三、涉外法治专业人才培养需避免的三大误区
(一)“毕其功于一役”的误区。实际上,人才培养是一个分阶段、分层次的系统工程,不可能一蹴而就。涉外法治专业人才的教育应当拓展理论与实务结合、法律与外语融合共进的培养渠道,走法律外语专业化和涉外法律职业化的道路。应加强与国家涉外法治建设需求对接的通识教育和专业教育,着力培养涉外法治高端复合应用型人才。
(二)“高校是人才培养的唯一阵地”的误区。《教育部办公厅关于开展涉外法治人才协同培养创新基地建设的通知》指出,“高校不是人才培养的唯一阵地”。涉外法治人才的培养虽然从高校起步,但高校只能承担初期和中期的培养任务,真正成熟的涉外法治人才必须在实际涉外法治实践中锻炼和成长。涉外法治人才培养也属于新文科的成果,不能单纯依靠法学院或法律系,需要多学科、交叉学科的支持与协作。

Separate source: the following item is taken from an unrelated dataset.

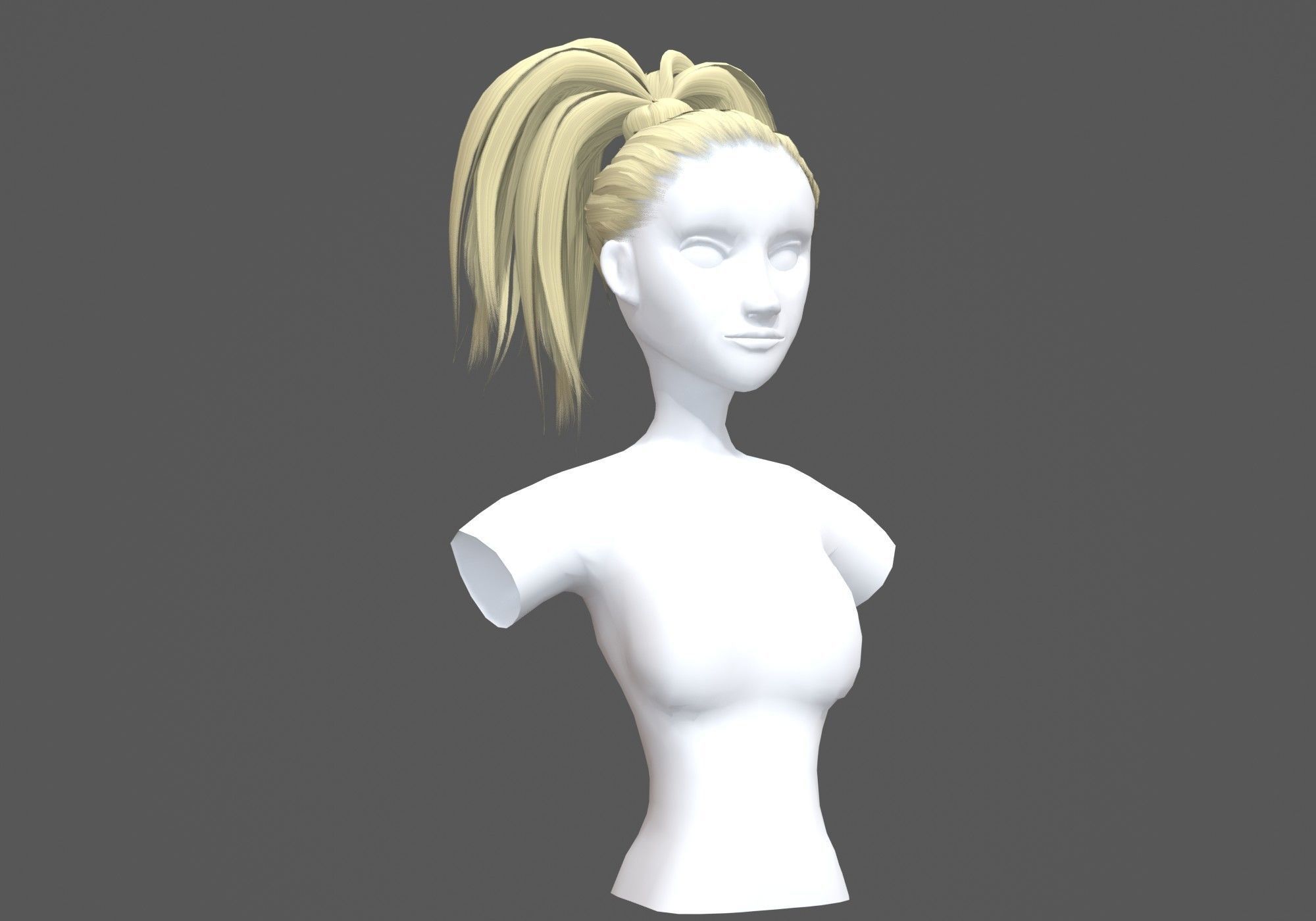 Up Pigtail Hairstyle  3D model_1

(三)将“精英”和“明法”割裂开来的误区。一个突出表现是将法律与英语/外语孤立发展,忽视了法律外语在涉外法治人才培养中的基础性和先导性作用。实践中,不仅学生,甚至教师也可能通过翻译等方式先学习涉外法律或国际法知识,再集中学习英语/外语,或者先学习英语/外语,再以其作为工具学习涉外法律知识,这是典型的误区。根据内容语言融合教学法(CLIL),内容与语言在教育教学中应有机融合,不应人为割裂。
四、涉外法治人才培养的成果经验与创新
(一)多元化的培养机制。不同于简单地在课程设置上做加法,多元化培养机制应以特定领域为中心,进行类别化、专业化和精英化的培养。在培养布局上,为不同学习领域的学生制定个性化的培养方案,使学生能够深耕国际某一区域。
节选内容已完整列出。